TADA Alias Methodology for ATTAINS, WQP and CST Alias Table for Review
Source:R/ATTAINSRefTables.R
TADA_AdditionalCharAliasForReview.RdThis function compares the current WQX Characteristic Alias table of ATTAINS.ParameterNames and WQX CharacteristicNames to the logic used in this function, which looks at the percentage of words that are a match between each ATTAINS parameters and WQX Characteristics (and within ATTAINS and CST, and CST and WQX by CAS) as an alternative way of finding additional aliases. It is recommended for the TADA team to review this table and decide whether these aliases are accurate, and if so, reach out to the WQX team to add these to the WQX Characteristic Alias table.
Usage
TADA_AdditionalCharAliasForReview(
includeCST = FALSE,
displayPercent = FALSE,
ATTAINS.CST.tolerance = 1,
CST.ATTAINS.tolerance = 1,
ATTAINS.WQX.tolerance = 1,
WQX.ATTAINS.tolerance = 1
)Arguments
- includeCST
a Boolean value. If TRUE, this will include columns for CST pollutant Name if it contains an alias between any 3 sources.
- displayPercent
a Boolean value. If True, this will display the percent match in number of words between the WQX characteristic, ATTAINS parameter and CST pollutant names.
- ATTAINS.CST.tolerance
a numeric value ranging from 0 to 1 (0% to 100%). Default is 100%. This value is an OR condition with CST.ATTAINS.tolerance which defines the minimum percentage of the number of words that must be found in an ATTAINS parameter to a CST pollutant name for it to be considered an alias match.
- CST.ATTAINS.tolerance
a numeric value ranging from 0 to 1 (0% to 100%). Default is 100%. This value is an OR condition with ATTAINS.CST.tolerance which defines the minimum percentage of the number of words that must be found in a CST pollutant name to an ATTAINS parameter to for it to be considered an alias match.
- ATTAINS.WQX.tolerance
a numeric value ranging from 0 to 1 (0% to 100%). Default is 100%. This value is an OR condition with ATTAINS.WQX.tolerance which defines the minimum percentage of the number of words that must be found in an ATTAINS parameter to a WQX characteristic name for it to be considered an alias match.
- WQX.ATTAINS.tolerance
a numeric value ranging from 0 to 1 (0% to 100%). Default is 100%. This value is an OR condition with ATTAINS.WQX.tolerance which defines the minimum percentage of the number of words that must be found in a WQX characteristic name to an ATTAINS parameter to for it to be considered an alias match.
Value
a data frame consisting of potential additional ATTAINS.ParameterName to WQX.CharacteristicName alias for review. TADA team will review and decide if these are appropriate aliases.
Details
Note for Development: We should keep a reference file to indicate which rows have already been reviewed during this process.In addition, we can modify the 'strictness' of percent matches. Being more strict can result in less potential match (false negatives) findings while less strict may result in greater number of matches that shouldn't be matched (false positives). Default for now is to be more strict.
Examples
review <- TADA_AdditionalCharAliasForReview()

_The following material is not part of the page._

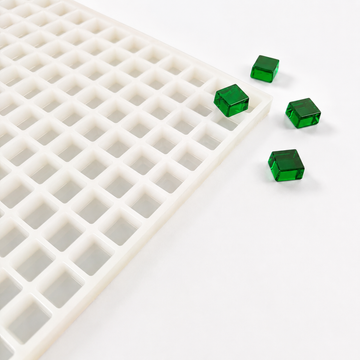 Stampo per caramelle gommose quadrato da 4 mL - 192 cavità - vista del prodotto, su sfondo bianco, con caramelle gommose verde smeraldo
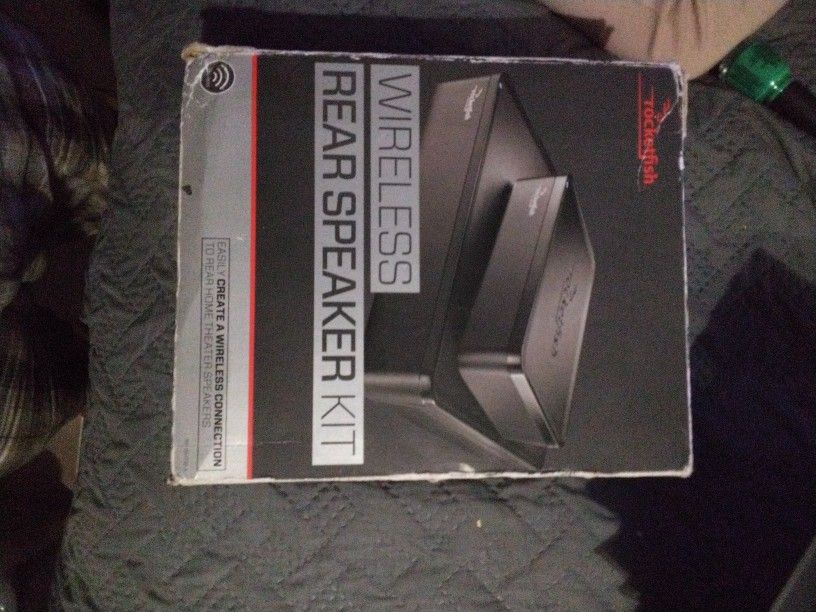 Rocketfish Rear Wireless Speaker Kit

#> [1] "EQ_DomainValues: For param_name the values in the name column of the function output are the allowable values for rExpert Query functions."
review2 <- TADA_AdditionalCharAliasForReview(includeCST = TRUE)
#> [1] "EQ_DomainValues: For param_name the values in the name column of the function output are the allowable values for rExpert Query functions."
review_more_strict <- TADA_AdditionalCharAliasForReview(
displayPercent = TRUE,
ATTAINS.WQX.tolerance = 1.0,
WQX.ATTAINS.tolerance = 1.0
)
#> [1] "EQ_DomainValues: For param_name the values in the name column of the function output are the allowable values for rExpert Query functions."
review_less_strict <- TADA_AdditionalCharAliasForReview(
displayPercent = TRUE,
ATTAINS.WQX.tolerance = 0.5,
WQX.ATTAINS.tolerance = 0.5
)
#> [1] "EQ_DomainValues: For param_name the values in the name column of the function output are the allowable values for rExpert Query functions."